Wyoming is funky even by caucus standards. Wyoming splits its delegate allocation (29) into three piles. Three delegates are the party leader delegates who go unassigned. The next 14 are decided at the state convention (April 14) and, to my knowledge, are not tied to any voting across the state. The last 12 are decided by county caucuses that run from February 9 to 29. However, the process for allocating these county delegates is curious.
There are 23 counties in Wyoming. Twenty-two of these counties are paired up, while Laramie County (where Cheyenne is located) stands alone (electing both a delegate and an alternate). The pairing doesn't change but the order of the pairing does as it alternates every presidential election. The reason this is important is that in each county pairing, one county elects a delegate while the other county elects an alternate. Thus, you could have two different candidates represented in the delegate/alternate pairing depending on who wins each county.
Delegates will be chosen on March 10 at the county conventions but one would expect the delegate selection to mirror that of straw poll (unless the vote was very close and someone switched).

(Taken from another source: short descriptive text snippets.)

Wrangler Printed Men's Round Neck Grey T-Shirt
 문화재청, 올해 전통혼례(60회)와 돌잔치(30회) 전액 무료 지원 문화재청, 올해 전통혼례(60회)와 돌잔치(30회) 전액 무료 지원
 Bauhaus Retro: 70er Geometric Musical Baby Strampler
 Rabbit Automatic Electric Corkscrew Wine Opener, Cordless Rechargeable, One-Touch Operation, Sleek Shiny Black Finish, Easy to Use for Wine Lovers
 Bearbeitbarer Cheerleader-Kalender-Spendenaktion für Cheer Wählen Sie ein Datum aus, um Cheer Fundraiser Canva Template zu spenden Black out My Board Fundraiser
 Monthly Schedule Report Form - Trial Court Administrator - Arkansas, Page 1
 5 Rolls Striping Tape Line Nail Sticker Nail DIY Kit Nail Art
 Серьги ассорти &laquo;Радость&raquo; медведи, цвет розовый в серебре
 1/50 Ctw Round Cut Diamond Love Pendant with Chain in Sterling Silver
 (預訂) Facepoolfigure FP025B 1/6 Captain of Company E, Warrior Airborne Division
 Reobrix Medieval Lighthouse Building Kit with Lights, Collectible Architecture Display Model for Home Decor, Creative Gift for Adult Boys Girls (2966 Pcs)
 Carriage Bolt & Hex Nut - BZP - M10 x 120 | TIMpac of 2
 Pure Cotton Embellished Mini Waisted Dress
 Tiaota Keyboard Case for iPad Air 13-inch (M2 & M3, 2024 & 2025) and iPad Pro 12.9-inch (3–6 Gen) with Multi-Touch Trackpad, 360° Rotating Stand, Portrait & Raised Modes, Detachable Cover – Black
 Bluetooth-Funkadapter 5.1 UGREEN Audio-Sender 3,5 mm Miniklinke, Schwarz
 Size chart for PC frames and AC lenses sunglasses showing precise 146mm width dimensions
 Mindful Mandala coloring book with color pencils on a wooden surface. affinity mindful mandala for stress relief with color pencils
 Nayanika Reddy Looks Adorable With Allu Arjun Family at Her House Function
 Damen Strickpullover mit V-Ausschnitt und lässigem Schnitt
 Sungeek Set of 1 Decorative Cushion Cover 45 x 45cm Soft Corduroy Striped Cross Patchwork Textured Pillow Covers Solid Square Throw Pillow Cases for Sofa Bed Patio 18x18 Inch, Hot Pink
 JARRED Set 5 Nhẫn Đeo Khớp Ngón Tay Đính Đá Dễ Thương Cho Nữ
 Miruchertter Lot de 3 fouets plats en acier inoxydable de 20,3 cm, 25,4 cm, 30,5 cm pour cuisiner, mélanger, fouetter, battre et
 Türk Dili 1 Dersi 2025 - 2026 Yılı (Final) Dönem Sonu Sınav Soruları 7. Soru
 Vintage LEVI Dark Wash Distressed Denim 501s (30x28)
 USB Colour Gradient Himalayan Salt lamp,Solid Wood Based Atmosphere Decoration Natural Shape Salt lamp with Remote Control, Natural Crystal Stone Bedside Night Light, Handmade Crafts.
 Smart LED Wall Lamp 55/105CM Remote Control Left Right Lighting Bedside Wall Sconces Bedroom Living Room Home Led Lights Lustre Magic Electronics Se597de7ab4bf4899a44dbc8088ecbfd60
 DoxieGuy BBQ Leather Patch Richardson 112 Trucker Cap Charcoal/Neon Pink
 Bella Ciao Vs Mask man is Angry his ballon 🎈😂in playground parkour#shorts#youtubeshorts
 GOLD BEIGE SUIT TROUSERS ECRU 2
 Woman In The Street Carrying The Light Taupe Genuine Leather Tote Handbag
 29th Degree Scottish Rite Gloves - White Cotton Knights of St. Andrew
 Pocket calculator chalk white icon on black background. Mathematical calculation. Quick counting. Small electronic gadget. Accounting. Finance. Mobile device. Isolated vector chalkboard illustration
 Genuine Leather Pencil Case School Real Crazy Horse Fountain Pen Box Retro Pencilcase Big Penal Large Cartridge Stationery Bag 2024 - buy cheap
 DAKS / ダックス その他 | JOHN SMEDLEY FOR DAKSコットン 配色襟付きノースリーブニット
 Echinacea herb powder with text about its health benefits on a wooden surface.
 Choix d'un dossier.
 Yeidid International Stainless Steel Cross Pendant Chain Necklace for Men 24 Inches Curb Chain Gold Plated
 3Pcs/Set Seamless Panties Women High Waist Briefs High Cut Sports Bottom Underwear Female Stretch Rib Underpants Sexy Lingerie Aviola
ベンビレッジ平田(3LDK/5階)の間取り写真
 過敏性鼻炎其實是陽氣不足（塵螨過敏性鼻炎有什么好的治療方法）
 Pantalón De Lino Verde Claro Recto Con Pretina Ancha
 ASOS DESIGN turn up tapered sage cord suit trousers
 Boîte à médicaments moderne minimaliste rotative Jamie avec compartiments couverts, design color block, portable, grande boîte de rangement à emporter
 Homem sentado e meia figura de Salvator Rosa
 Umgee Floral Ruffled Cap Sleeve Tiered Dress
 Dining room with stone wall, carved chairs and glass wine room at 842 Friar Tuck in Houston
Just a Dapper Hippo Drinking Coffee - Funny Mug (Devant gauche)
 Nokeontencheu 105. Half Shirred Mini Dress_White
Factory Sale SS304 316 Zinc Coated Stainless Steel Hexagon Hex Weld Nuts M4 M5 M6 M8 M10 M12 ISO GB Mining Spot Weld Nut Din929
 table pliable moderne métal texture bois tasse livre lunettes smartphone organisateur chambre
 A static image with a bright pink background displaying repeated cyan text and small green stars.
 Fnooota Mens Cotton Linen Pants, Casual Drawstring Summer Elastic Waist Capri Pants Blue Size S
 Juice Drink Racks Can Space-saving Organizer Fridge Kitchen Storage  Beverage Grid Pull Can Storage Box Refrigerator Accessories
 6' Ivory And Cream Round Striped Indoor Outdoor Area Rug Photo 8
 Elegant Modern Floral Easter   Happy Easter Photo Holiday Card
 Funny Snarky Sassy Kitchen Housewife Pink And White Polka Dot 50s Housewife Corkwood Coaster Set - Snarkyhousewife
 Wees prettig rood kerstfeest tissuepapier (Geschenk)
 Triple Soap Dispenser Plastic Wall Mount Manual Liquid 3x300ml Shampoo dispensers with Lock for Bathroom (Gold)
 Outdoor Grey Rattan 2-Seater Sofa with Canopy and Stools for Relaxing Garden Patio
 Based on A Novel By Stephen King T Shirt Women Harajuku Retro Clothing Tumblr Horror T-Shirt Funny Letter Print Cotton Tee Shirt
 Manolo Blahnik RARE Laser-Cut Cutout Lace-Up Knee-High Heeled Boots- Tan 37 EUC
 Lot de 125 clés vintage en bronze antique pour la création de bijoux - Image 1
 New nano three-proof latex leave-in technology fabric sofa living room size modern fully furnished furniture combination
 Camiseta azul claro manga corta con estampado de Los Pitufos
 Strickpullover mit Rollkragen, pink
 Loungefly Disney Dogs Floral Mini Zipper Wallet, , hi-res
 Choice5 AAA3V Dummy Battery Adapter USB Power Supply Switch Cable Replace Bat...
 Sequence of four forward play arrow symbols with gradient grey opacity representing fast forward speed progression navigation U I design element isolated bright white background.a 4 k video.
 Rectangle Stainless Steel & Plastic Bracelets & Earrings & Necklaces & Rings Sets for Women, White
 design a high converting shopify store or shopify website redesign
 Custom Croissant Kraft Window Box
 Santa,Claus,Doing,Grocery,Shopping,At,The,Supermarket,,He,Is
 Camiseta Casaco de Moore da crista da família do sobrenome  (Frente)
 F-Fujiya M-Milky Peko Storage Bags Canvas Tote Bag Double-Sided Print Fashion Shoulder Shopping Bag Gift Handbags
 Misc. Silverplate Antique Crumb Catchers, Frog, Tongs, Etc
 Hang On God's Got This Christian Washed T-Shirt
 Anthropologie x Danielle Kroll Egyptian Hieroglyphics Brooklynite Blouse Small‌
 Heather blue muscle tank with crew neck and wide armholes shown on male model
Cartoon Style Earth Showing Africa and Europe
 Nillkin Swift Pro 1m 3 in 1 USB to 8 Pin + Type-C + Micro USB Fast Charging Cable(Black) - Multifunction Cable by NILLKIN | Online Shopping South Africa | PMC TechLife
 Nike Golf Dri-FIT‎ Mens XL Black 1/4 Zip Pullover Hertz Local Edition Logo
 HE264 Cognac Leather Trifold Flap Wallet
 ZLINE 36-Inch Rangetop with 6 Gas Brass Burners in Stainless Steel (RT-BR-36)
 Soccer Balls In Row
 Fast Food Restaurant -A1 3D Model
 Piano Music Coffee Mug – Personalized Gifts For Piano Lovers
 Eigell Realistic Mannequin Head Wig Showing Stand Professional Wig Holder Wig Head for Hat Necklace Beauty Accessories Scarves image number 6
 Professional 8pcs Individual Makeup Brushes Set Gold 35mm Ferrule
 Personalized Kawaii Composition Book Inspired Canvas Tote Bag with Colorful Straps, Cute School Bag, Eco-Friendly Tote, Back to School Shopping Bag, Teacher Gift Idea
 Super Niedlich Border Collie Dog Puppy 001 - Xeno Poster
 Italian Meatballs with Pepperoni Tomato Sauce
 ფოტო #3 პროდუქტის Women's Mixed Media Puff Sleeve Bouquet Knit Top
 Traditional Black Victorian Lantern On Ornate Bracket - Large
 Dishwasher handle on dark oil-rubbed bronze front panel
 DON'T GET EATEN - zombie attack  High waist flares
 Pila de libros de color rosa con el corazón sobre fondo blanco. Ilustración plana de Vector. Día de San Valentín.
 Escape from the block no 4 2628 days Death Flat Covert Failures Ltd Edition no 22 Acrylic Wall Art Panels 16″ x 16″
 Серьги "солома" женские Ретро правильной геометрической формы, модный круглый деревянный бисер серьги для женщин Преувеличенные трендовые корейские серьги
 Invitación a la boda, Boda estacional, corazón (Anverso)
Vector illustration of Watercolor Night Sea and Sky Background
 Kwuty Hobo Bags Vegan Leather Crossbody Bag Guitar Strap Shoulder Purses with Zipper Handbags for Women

As such, we should expect the delegate selection to reflect the county poll winners as follows:
1. Laramie - Santorum
2. Natrona - Santorum
3. Carbon - Santorum
4. Lincoln - Romney
5. Sublette - Romney
6. Park - Romney
7. Washakie - Romney
8. Big Horn - Romney
9. Johnson - Paul
10. Weston - Paul
11. Niobrara - Paul
12. Platte - Santorum
This gives Mr. Romney 5 delegates, Mr. Santorum 4 delegates, and Uncle Ron 3 delegates. These however are soft allocations as all 29 Wyoming delegates are to be officially "unbound." How unbound they actually are is open for debate.
If the alternate counties are considered, Mr. Santorum would jump to 7 delegates while Mr. Romney falls to 3 and Uncle Ron would get only 1. Sweetwater County will decide today but their vote will not be enough to overcome Mr. Romney's win in the straw poll. Whether any of this will matter at the state convention in April is anyone's guess.